Kent B. HOLLAND and Alex B. McLean, Plaintiffs and Respondents, v. MORGAN & PEACOCK PROPERTIES COMPANY, a copartnership, Amanda Hanford Morgan and Jules J. Agostini, Jr., Defendants and Appellants.
Judgment in this action was affirmed this day in No. 18049. Cal.App., 335 P.2d 769. After entry of judgment and denial of motions for judgment notwithstanding the verdict and for new trial, appellants moved (Code Civ.Proc., § 473) to set aside the judgment as void. In addition to their appeal from the judgment (No. 18049), they appeal separately from the order denying this motion.
Upon the appeal from the judgment we have held that the agreement of the parties was not required to be in writing and was not illegal. This dispose of appellants' claim that the judgment is void because based upon an invalid or illegal contract.
However, appellants also assert that the judgment is void because the pretrial judge and the trial judge were stockholders and directors of a title company which was joined as a defendant. This contention was first asserted in affidavits supporting the present motion, made after judgment. The point is without merit. It appears that at the outset of the pretrial conference, plaintiffs-respondents dismissed as to the title company. Formal written dismissal was filed before trial, but some 12 days after the pre-trial conference. However, the written request to dismiss specified by the code (Code Civ.Proc., § 581(1)) is not a mandatory or exclusive means of dismissal. Request in open court, and order thereon, is equally effective. Richards & Knox v. Bradley, 139 Cal. 670, 62 P. 316; McDonald v. California Timber Co., 2 Cal.App. 165, 83 P. 172. Thus the action was terminated as to the title company at the outset of the pre-trial conference. The only grounds of disqualification urged are personal or financial interest. Code Civ.Proc., § 170, subds. 1, 2. In view of the dismissal, no such interest appears.

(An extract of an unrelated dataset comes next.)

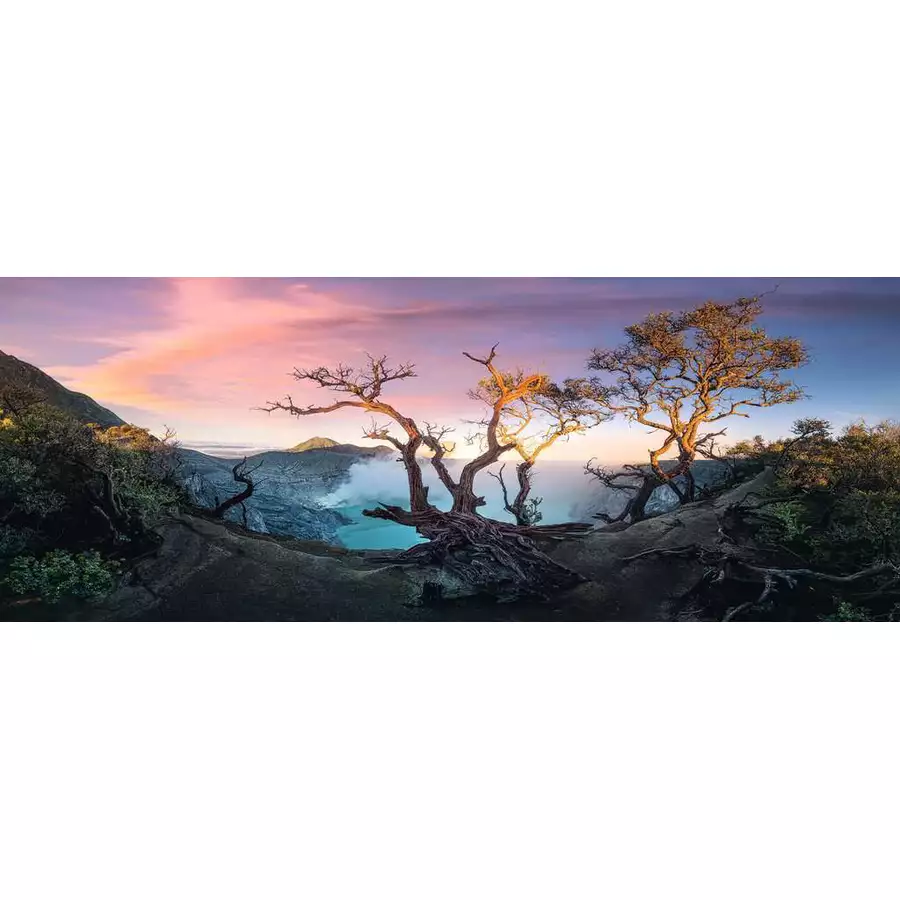 Ravensburger Schwefelsäure See am Mount Ijen, Java bunt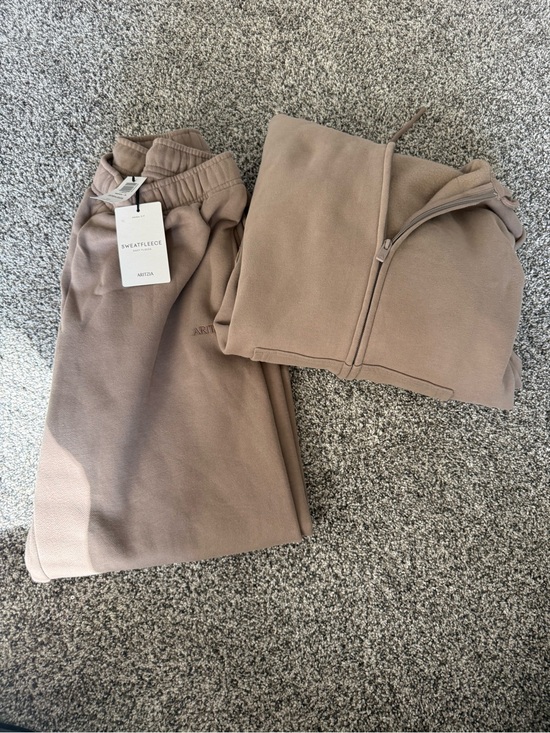 Aritzia Tops - ARTIZIA Sweat Fleece Zip Hoodie & Joggers Set - Nomad Taupe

Appellants also filed an affidavit alleging that the broker's license of respondent McLean and that of McLean & Holland, a partnership, were suspended September 17, 1954. However, there is no showing that the suspension continued to November 15, 1954, the date of the oral contract upon which respondents' action is based. Even if the trial court were required to accept the allegations of this affidavit as true (a point which we do not decide) it fails wholly to show that either respondent was unlicensed at the time of the agreement. Appellants' answer admitted that respondents were licensed brokers. No issue of their licensing was made until after judgment. Thus there is no merit is appellants' present contention that respondents in some way had the burden of anticipating this post-judgment attack, and of proving at trial that the licenses had been restored before November 15. In this state of the record, it is unnecessary to determine whether a showing, after judgment, that respondents were unlicensed at the time of the contract would render the judgment void within the meaning of Section 473.
KAUFMAN, P. J., and DOOLING, J., concur.